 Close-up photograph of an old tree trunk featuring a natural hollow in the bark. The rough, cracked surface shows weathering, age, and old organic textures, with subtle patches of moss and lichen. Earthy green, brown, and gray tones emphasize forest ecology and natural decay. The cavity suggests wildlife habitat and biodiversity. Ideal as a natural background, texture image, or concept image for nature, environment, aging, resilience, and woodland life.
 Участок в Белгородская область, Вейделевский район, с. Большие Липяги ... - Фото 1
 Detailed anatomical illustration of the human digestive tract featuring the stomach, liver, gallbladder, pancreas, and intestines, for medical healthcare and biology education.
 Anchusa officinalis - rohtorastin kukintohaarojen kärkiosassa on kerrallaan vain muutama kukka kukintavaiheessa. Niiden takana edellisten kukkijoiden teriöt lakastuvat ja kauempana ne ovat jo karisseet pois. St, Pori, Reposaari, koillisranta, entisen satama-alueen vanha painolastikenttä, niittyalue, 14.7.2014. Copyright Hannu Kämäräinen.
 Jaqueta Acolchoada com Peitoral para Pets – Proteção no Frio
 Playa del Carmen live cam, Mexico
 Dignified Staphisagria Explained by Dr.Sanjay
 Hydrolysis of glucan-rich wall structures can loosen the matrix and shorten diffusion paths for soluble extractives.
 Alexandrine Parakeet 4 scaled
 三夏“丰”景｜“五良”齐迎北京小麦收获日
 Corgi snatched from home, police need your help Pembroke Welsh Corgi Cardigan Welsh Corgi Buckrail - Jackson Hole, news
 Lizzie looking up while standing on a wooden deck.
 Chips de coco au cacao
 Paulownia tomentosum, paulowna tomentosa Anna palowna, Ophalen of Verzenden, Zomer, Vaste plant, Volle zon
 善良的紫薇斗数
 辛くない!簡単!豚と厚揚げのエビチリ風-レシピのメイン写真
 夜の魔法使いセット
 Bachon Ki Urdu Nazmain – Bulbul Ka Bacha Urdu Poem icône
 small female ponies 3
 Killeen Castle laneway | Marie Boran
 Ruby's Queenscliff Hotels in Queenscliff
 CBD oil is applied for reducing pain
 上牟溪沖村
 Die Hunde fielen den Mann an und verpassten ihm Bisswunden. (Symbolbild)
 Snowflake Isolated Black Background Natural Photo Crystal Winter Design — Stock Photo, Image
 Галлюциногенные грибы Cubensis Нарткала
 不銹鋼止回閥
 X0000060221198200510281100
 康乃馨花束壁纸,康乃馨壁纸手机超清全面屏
⁂
Look above for the line that contains "Галлюциногенные грибы Cubensis Нарткала". That line and every line after it through the end of the data must be written out exactly, with nothing else.

**Solution to this problem:**
 Галлюциногенные грибы Cubensis Нарткала
 不銹鋼止回閥
 X0000060221198200510281100
 康乃馨花束壁纸,康乃馨壁纸手机超清全面屏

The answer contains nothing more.